General analysis:
Of all these papers, I am most interested in “Nonverbal Cues for Discourse Structure”, though I am impressed by the statistical rigor found in “Toward Interface Design for Human Language Technology”. The former recognizes the value of body language in facilitating dialog. To a much lesser degree, this is also attempted in the optional paper, “Task Oriented Collaboration with Embodied Agents in Virtual Worlds”. If Rea’s body language handling could be added to Steve, the result would be very interesting indeed.
Non-Verbal Cues for Discourse Structure. Cassell, J., Nakano, Y., Bickmore, T., Sidner, C., Rich, C. Proceedings of the 41st Annual Meeting of the Association of Computational Linguistics, 2001.
“Studying posture shift to understand discourse structure is useful, but because people may not interact with computer agents in the same way they do with other humans, it would be [wise] to use reinforcement learning to adapt to users during the session.”
- Antonio Roque
I’ve
heard good arguments for and against such an approach.
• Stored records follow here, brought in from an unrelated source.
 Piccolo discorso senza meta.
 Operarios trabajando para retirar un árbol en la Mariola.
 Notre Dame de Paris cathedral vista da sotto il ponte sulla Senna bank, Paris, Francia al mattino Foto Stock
I personally favor making agents as
human-like as possible to avoid specialized behavior, which has proven to be
difficult to predict and respond to.
“It seems a reasonable thing to try here would be to survey listeners on their feelings regarding the attentiveness and naturalness of a speaker given abnormal gesturing. Has such been done?”
- Matthew T. Bell
“In the Analysis section of this paper, the authors state that for inter-discourse-segment and inter-turn intervals, they normalize the number of posture shifts by the number of inter-segment occurrences (ps/int). For longer intervals, intra-discourse segment and intra-turn intervals, they normalize by posture shifts per second (ps/s). However, in the tables that they show throughout the analysis section, the authors use both ps/s and ps/int for the inter-segment and inter-turn intervals. Can anyone help explain why the authors do this?”
- Theresa Wilson
Toward interface design for human language technology: Modality and structure as determinants of linguistic complexity. Oviatt, S. L., Cohen, P. R. & Wang, M. Q. Speech Communication, European Speech Communication Association, 1994, vol. 15, nos. 3-4, 283-300 (Invited paper for special edition on spoken dialogue, ed. by K. Shirai & S. Furui).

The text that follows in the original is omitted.